Que se vaya... el Ministro!

Si no es fácil conseguir un Gerente para una empresa grande, cuánto más dificil será conseguir un Ministro o un alto funcionario para el Estado, que tiene la enorme desventaja de pagar sueldos miserables en comparación a la empresa privada. Por eso no termino de entender la manía que tiene el Congreso -y cierta prensa- de pedir la cabeza más alta de la institución en la que se da un problema. Si se intoxican niños en Puno... para afuera la #1 del programa Qali Warma; si hay un problema con la vigilancia a un montesinista, que se vaya el #1 del Ministerio del Interior... el propio Ministro nada menos!

Todo lo que aprendieron, toda la experiencia que acumularon, los planes que empezaron, el equipo que formaron... que se pierda y a la mierda! A empezar todo de cero con otro, que también será pronto "responsable político" de algún escándalo mediático.

¡Qué distinta es la empresa privada! Si se encuentra un desfalco en una sucursal de un banco, a nadie se le cruzaría por la cabeza cambiar al número uno de la corporación: a él se le pediría que arregle el problema... y asunto terminado. Si algún niño se envenena comiendo un chocolate, a nadie se le ocurre tumbarse al mismísimo Presidente de la empresa fabricante, para nada: qué diablos tiene que ver él con cada uno de los millones de chocolates que produce; él es el que tiene que investigar qué paso, dar las explicaciones, reparar los daños y tomar las medidas para que eso no pase nuevamente. Y de ahí... a seguir trabajando.

No se cambian los grandes profesionales por problemas aislados, pues conseguir líderes preparados de cada categoría, es muy difícil, y que tengan experiencia en la especialidad y con la misma empresa, es más difícil aún.

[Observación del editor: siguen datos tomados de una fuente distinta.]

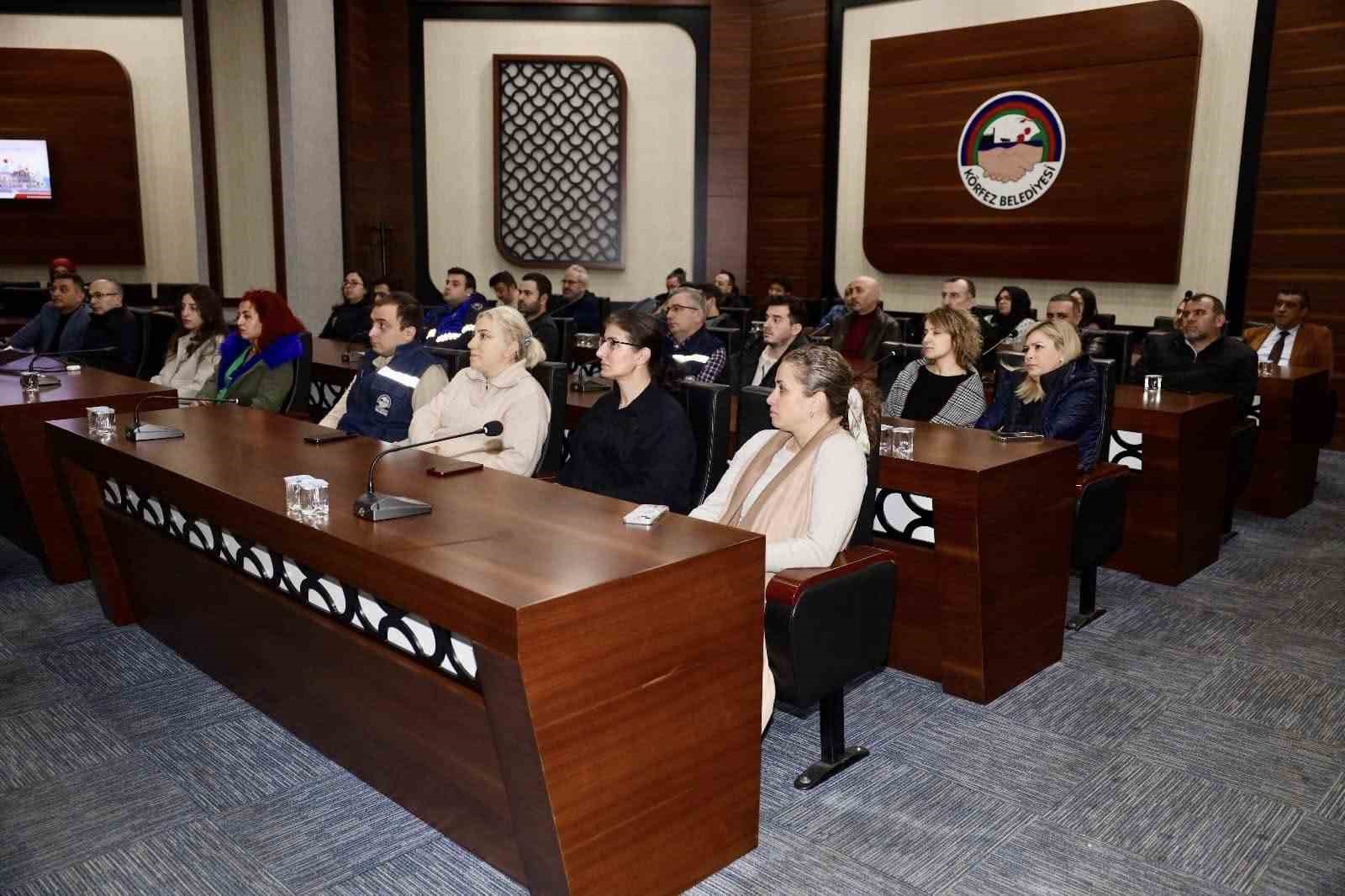 Körfez Belediyesi personeline afet eğitimi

Pero aquí parece que si a un paciente en un hospital del Estado le amputan una pierna equivocada, el Congreso interpelará y pedirá la cabeza del propio Ministro de Salud. ¡Es absurdo!

Me pregunto si para ser equitativos, no sería correcto entonces que cada que aparece un Roba-Cable o un Come-Oro, se exija también la renuncia del Jefe de la Bancada que lo llevó al Parlamento y la del mismísimo Presidente del Congreso. ¿No son ellos también "politicamente responsables" de esos hechos?

Ni soy Humalista ni me interesa la política, pero es obvio que tenemos un Gobierno débil, y me preocupa debilitarlo cada día más descabezando sus instituciones principales por problemas meramente operativos. Aquí todos perdemos, sólo los políticos de oposición ganan algo, si acaso.